Adam, you probably perceive me to be that way because you regularly post pseudoscientific nonsense, and refuse to back off on it. I've known people who have been harmed by such things (including detoxing claims which you recently supported), so although you might view my being negative about such pseudoscience as a bad thing, others would say that it improves the world by challenging bad and harmful information. 

Same thing for when someone who doesn't yet have experience is talking about making what appears to be a bad decision: normally the older posters will offer a longer perspective, based on their own experiences... and mistakes... which led to less-than-positive outcomes. 

And, although you might not perceive it as such, I really have great affection for most of the members here, yourself included.

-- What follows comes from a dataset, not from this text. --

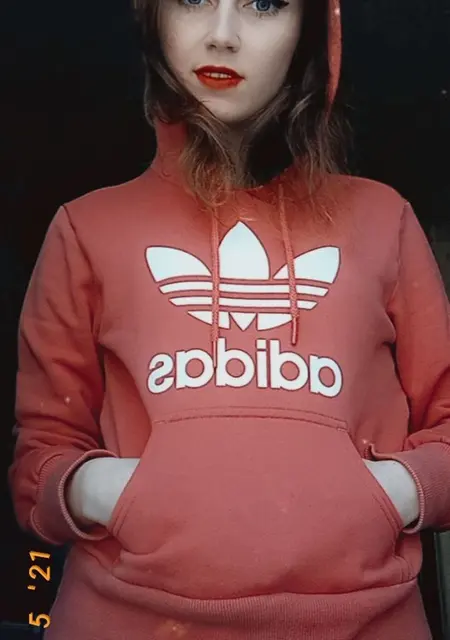 Карина з Миргорода, шукаю на сайті знайомства без зобов'язань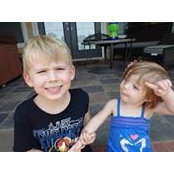 Robert Lane's photo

A student of mine at a recent symposium told me that I come across as grumpy online, and that she was surprised that I really laugh so much in person, especially at myself. (Yes, every time I post a laugh, it's because I just laughed.) 

If you can only perceive attack in someone pointing out problems in thinking or evidence... well, I hope you'll consider, when you reach the university level, that expecting you to engage in rigorous thinking is actually a form of respect, and that such people believe you capable of rising to the occasion and of thinking of things from a different perspective than an entrenched position.

Cheers!


----------



## Adam Of Angels (Dec 5, 2011)

The detox discussion consisted of arguments against my comments that relied on inaccurate assumptions. I suggested nothing that would hurt anybody, except for maybe a diabetic. The pyramid discussion was another example of baseless argumentation, which can only be perceived as pessimism when it's a repeated offense. 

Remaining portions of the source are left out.